Islam. Terrorismo islamico. Violenza islamica. Leggete bene queste parole e poi cancellatele. Perché non si possono dire. La stampa mainstream, i giornaloni che fanno da sentinelle al politicamente corretto, le hanno messe al bando. Repubblica e Corriere per primi. Lo abbiamo visto sfogliando i quotidiani di ieri, ma non è una novità. È un tic che compare ogni volta che qualche pazzo terrorista uccide gli europei in nome di Allah.
Il terrorista, per lorsignori, non è mai islamico. Nemmeno se urla «Allah Akbar» o si fa esplodere con una copia del Corano tra le mani. È semplicemente un terrorista. Vietato aggettivarlo, non sia mai che si urti la suscettibilità di qualcuno. La parola d’ordine è omettere. Alternativamente ora va molto di moda dire che si tratta di un «radicalizzato». Che non vuol dire niente. Radicalizzato in cosa? Perché? Secondo il dizionario Sabatini Coletti il termine vuol dire questo: «Detto di persona, assumere posizioni estreme; detto della lotta politica, di una situazione ecc. diventare più tesa, più aspra». Eh beh, che uno che si mette a sparare in mezzo a un mercatino sia un po’ fuori di testa e abbia fatto una scelta «radicale» è abbastanza scontato. Ma – e questo è il problema – non si può dire il movente, specificare la matrice, mettere in chiaro l’ideologia che ha portato a compiere quell’atto.

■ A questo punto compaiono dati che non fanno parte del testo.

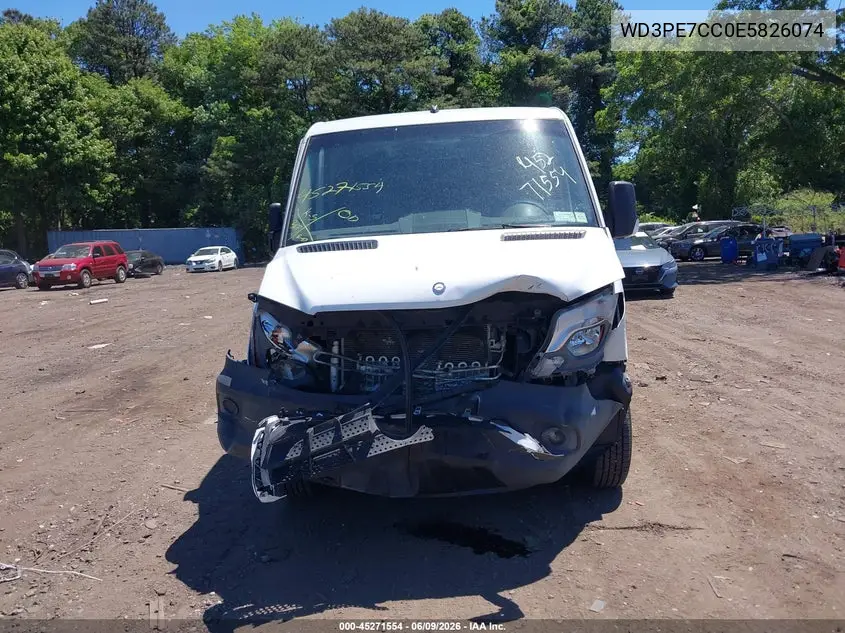 2014 Mercedes-Benz Sprinter 2500 Normal Roof VIN: WD3PE7CC0E5826074 Lot: 45271554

Alle dieci di martedì sera era già chiaro a tutti che l’attentatore fosse islamico, eppure le parole jihad e islam sono solo nascoste in fondo a qualche pezzo, minimizzate in un sommario, lasciate appese alla sfumatura della possibilità e assolutamente evitate in ogni titolo. È una forma di autocensura.
Prima che i terroristi islamici ci chiudano la bocca, c’è chi anticipatamente ha già smesso di parlare. Di puntare il dito. Di raccontare le cose. Vogliono impedirci di scrivere chi ha ucciso tre persone e mandato in coma, tra gli altri, un nostro ragazzo, non hanno il coraggio di dire nome e cognome dell’assassino: il fondamentalismo islamico.